▶ [ACTIVITY]
In the records below, find the line holding "KA Paul Hulchul" and the line holding "Romeo and juliet essay hook". Set down both, with every line between them, exactly.

*** Opening SOURCE DATA ***

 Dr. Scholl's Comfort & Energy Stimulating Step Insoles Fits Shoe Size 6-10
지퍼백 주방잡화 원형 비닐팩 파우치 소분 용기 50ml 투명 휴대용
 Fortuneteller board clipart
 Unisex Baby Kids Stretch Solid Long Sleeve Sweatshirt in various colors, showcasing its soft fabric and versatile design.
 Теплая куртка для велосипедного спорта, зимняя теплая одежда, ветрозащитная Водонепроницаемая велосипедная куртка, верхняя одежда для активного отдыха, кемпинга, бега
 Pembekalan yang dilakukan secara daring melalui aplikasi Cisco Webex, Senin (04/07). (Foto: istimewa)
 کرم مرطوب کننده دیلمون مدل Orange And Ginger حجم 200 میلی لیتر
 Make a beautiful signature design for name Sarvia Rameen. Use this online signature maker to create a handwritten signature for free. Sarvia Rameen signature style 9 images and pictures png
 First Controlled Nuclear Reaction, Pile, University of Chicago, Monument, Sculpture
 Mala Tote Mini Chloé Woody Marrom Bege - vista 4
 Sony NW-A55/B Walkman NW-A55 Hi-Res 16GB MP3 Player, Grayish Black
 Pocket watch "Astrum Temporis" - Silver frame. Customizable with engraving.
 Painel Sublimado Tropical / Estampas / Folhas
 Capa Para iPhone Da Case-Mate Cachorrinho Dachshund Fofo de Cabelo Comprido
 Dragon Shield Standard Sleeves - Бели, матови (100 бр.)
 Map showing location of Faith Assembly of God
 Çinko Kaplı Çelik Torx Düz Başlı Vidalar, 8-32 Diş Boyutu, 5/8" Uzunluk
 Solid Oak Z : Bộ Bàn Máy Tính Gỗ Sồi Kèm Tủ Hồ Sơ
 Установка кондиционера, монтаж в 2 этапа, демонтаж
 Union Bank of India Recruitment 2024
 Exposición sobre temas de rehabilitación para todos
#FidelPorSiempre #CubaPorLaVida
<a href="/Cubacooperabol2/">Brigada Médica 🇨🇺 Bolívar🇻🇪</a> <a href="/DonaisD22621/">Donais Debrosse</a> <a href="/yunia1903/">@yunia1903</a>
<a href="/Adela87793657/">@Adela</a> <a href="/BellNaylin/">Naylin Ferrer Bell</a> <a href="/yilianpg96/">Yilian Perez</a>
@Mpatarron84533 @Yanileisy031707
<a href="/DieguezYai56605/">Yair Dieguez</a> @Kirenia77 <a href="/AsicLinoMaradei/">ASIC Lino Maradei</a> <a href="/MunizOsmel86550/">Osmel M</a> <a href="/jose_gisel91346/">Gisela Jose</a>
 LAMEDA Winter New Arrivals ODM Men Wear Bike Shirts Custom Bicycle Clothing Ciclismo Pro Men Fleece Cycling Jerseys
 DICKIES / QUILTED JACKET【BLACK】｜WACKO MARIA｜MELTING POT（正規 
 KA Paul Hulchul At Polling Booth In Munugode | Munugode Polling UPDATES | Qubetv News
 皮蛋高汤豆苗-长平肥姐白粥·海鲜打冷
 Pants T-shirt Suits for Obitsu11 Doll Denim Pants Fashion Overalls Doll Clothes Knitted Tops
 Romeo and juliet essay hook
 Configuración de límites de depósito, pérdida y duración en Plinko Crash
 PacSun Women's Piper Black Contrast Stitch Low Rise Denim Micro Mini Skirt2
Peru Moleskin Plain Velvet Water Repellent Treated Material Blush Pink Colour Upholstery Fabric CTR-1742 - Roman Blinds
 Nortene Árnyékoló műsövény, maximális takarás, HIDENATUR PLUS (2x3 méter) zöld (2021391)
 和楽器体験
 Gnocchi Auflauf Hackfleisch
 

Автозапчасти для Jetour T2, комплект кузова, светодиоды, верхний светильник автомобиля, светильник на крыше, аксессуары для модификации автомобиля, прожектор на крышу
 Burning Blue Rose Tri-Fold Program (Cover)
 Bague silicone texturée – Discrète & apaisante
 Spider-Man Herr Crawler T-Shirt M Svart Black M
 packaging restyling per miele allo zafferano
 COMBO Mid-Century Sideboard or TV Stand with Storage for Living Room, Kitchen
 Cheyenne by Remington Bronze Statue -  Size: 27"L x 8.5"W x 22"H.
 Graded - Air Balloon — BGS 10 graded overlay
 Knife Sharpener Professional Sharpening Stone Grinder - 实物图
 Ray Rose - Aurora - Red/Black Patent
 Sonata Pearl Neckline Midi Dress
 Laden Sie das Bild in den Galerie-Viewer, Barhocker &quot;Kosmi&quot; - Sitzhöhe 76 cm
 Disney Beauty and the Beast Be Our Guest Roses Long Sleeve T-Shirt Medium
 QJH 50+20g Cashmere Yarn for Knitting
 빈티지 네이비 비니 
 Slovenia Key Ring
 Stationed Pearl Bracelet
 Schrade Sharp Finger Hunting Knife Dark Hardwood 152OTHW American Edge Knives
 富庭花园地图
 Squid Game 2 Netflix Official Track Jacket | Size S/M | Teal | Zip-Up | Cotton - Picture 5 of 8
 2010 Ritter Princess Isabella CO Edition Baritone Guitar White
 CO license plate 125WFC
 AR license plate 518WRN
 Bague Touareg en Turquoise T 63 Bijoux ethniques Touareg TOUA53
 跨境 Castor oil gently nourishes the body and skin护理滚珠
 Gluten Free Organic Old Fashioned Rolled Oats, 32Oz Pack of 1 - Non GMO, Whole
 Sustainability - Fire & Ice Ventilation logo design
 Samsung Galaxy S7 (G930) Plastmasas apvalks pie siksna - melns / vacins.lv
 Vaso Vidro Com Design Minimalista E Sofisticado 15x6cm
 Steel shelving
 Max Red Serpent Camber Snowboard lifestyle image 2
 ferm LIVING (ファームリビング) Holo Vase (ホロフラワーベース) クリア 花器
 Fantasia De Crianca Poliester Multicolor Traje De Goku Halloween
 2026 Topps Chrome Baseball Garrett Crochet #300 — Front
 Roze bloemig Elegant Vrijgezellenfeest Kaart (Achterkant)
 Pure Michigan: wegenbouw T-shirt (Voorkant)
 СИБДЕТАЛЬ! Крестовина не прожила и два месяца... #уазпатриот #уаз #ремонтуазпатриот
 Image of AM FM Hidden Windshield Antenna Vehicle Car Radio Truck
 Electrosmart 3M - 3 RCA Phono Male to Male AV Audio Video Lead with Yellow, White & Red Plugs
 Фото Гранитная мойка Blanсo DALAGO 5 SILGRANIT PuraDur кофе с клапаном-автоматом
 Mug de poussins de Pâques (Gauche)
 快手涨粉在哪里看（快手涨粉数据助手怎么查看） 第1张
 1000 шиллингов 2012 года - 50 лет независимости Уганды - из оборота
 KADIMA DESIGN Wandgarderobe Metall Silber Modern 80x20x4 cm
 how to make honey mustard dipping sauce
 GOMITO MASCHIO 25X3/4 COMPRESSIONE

*** Closing SOURCE DATA ***

▶ [EXPECTED OUTPUT]
 KA Paul Hulchul At Polling Booth In Munugode | Munugode Polling UPDATES | Qubetv News
 皮蛋高汤豆苗-长平肥姐白粥·海鲜打冷
 Pants T-shirt Suits for Obitsu11 Doll Denim Pants Fashion Overalls Doll Clothes Knitted Tops
 Romeo and juliet essay hook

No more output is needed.